Mais, par delà l'indéniable talent de mise en perspective de l'historien israélien, que nous dit cette oeuvre ici consacrée au complexe processus de mise à mort de tout un peuple ? Elle trahit tout d'abord et évidemment une grille de lecture assez nettement intentionnaliste qui laisse penser que le régime hitlérien fut, dès ses prémisses, l'expression d'un négationnisme annihilateur en perpétuelle efflorescence. Cependant, elle conduit d'autre part à instituer en son sein une sorte de césure chronologique, celle qu'impulsèrent deux traumatismes majeurs : la guerre à l'Ouest et la conquête du territoire polonais s'ensuivant (1939-1940) qui, paradoxalement, ajouta plus de deux millions de "nouveaux" juifs à ceux que comptait déjà le Reich, puis la guerre à l'Est (1941) qui, elle, confronta physiquement le nazisme à ce qu'il considérait comme l'expression politique d'un judaïsme actif, et par voie de conséquence dangereux.

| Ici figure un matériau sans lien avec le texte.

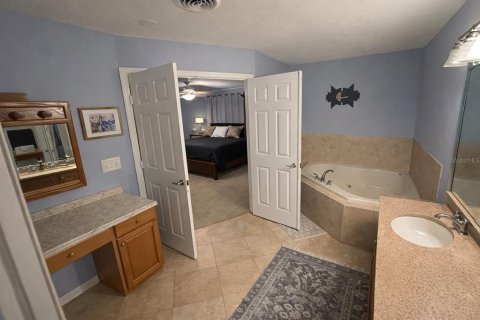 House in New Smyrna Beach, Florida 3 bedrooms, 181.16 sq.m. № 2118377 - photo 7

Ces deux événements se cristallisant en dernière analyse en un exterminationnisme rédempteur de nature quasiment prophétique.
Pour autant, invalider dès le départ les approches plus volontiers "fontionnalistes", comme étant foncièrement incompatibles avec la grille d'analyse développée par l'auteur, peut apparaître au minimum exagéré. Car, même s'il ne fait pas de doute que l'esprit dérangé du futur maître du IIIe Reich envisagea certainement dès les années 1920 des solutions ultra radicales au "problème juif", il n'en demeure pas moins qu'une fois l'impulsion émise, que ce soit à l'occasion de discours sur-médiatisés ou par le biais de l'empire para-étatique que constituait l'ordre noir, l'ensemble de l'appareil administratif se mit volontairement à l'ouvrage dans une débauche sans précédent de mesures exploratoires. Ainsi donc le système put parfois sembler se mouvoir de lui-même en matière de développement d'une politique expérimentale ségrégationniste de plus en plus radicale. En ce sens, une forme de coexistence entre les deux courants interprétatifs de l'historiographie devrait malgré tout pouvoir se matérialiser. Car, en fin de compte, le régime polycratique promu par l'hitlérisme en action demeure unique, et partant difficilement interprétable de manière univoque ou en fonction d'une seule et unique grille de lecture.
Quoi qu'il puisse en être de ce constat, l'apport de Saul Friedländer à notre compréhension du processus de génocide industriel imaginé par le nazisme se révèle inestimable. En effet, en nous plaçant dans la peau des plus vulnérables et des plus exposés à la barbarie, il offre une occasion sans pareille de le disséquer et, ainsi, d'en saisir avec finesse les terribles réalités mortifères. Pour cette seule raison, l’œuvre mérite sans conteste de figurer au nombre des lectures dont il est impossible de se dispenser.